Him: I don't need to have been here. These people are all the same. Seen one? Seen them all.
Me: So what do you do exactly? What do you do that demonstrates that you're not just a lazy sod yourself?
Him: How dare you... (with no further qualifying answer, I assume he couldn't answer and left it at that.)
You know what bugs me the most?
This is a fairly typical set of opinions. In conversation with friends about my fieldwork, I've often uncovered incredibly condescending opinions about rural lifestyles and people, lurking just under the surface of seemingly egalitarian, open-minded, cosmopolitan people. People who are curious about the world, relatively non-judgemental and god damn it - imaginative. So why the spillover 'these people' opinions that so many of my parents' generation seem to have?
What bugs me also is the fact that the opinions are never qualified by experience or example. They must be lazy because they're poor.

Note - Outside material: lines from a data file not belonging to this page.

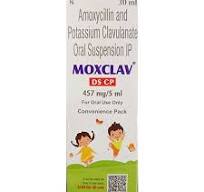 MOX-CLAV-DS-457MG SYP  30ML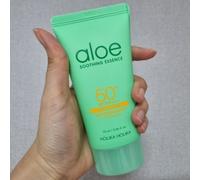 HOLIKA HOLIKA Crema Solare Impermeabile all'Aloe 70ml SPF50+ P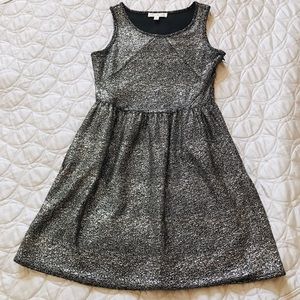 OLIVE & OAK Sparkle Cocktail Dress | XS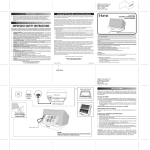 iHome IHM27BC User's Manual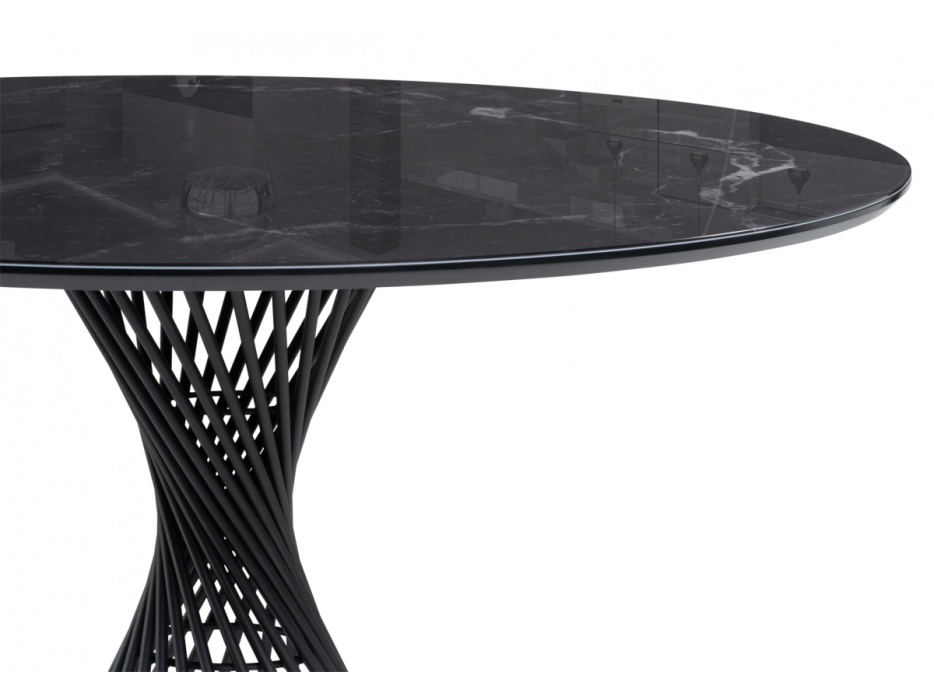 Обеденные столы, Керамический стол Вивиен 90х90х75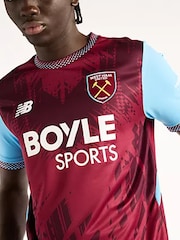 New Balance West Ham United 26/27 Hjemmedrakt Kortermet Jersey - Bilde 8 av 9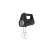 Midea hand mixer, black, 300W, 5 speed settings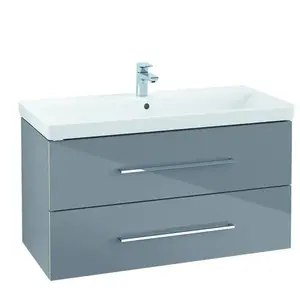 Villeroy & Boch Avento Meuble sous-vasque, 2 tiroirs, A89200VH,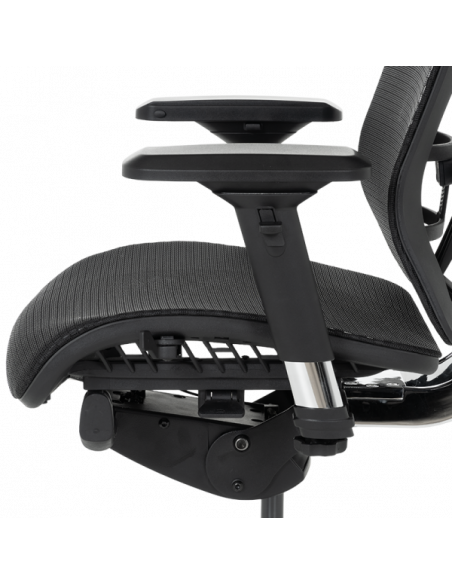 Ергономичен стол COLOMBO - черен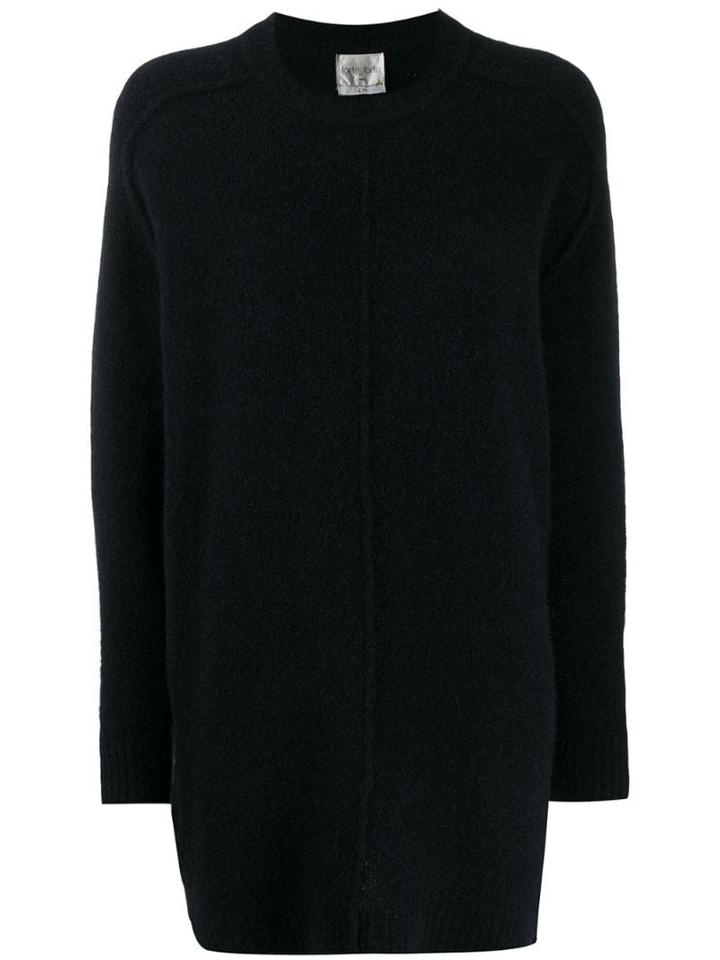 Forte Forte Panelled Knitted Dress - Blue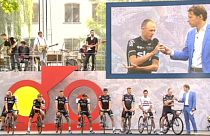 Tour de France bisikletçileri gövde gösterisi yaptı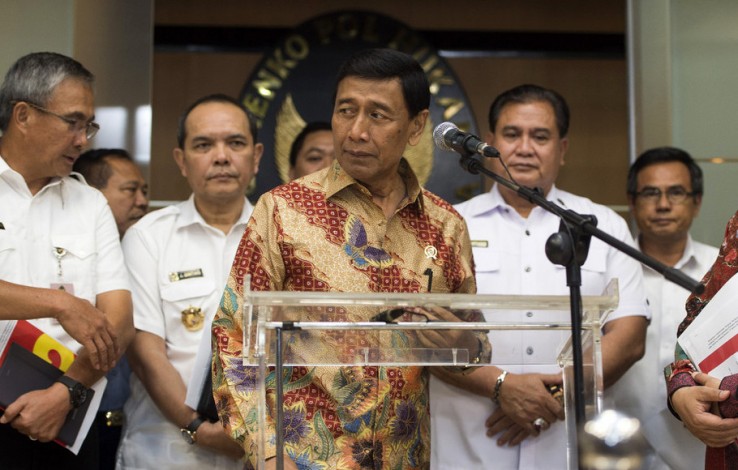 Wiranto: Tidak Ada Pengadaan Senjata‎ Ilegal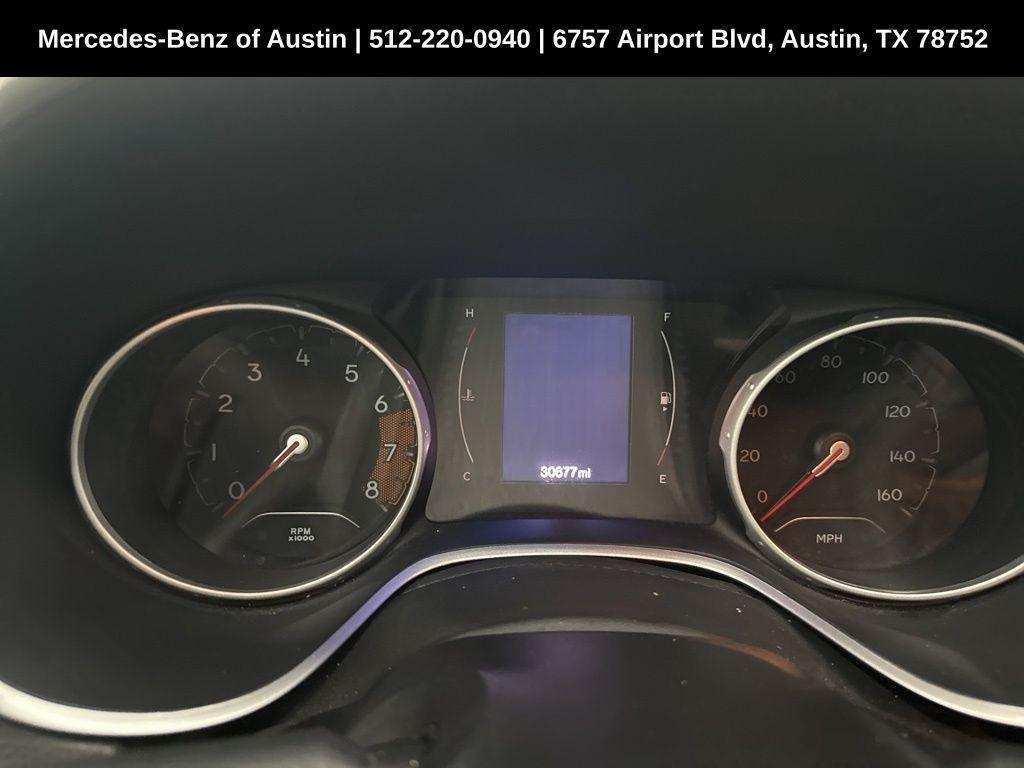 used 2021 Jeep Compass car, priced at $18,900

They must be miserable because they're poor.
They must be poor because they don't have houses in the city and can't read or write and eat fried chicken at will until all their arteries clog up.
They must be miserable because they don't have the opportunities 'we' do: to see museums and shows and dance all night and drink and picnic at the weekends and watch documentaries and sit around discussing national politics and art and philosophy and manicures.
And if they're poor and miserable, it must be their fault! They're lazy! They don't work 14 hour days in an office, so they must be lazy. They enjoy sitting under neem trees? Wow. Lazy.
All the assumptions are grounded only in ones' own personal agendas. You know one life - your own - you've known them all. Apparently.
What I've loved discovering during my fieldwork is that 'these people' are just like me. Equally, I've loved discovering how they are different: each one of 'them' is different to the other 'thems', and to me. Individuals. Yes, with some conditioned attitudes, prejudices and agendas. Just like me. But also with entirely individual and powerful traits, personalities, destinies and hopes.
There is no them and us, there's just all of us.
And if there were a them and us, the powerful condescension inherent in 'these people' almost guarantees that them and us will never ever meet, even if we sit next to each other under a neem tree.
What does it take to shatter thems and build us-es?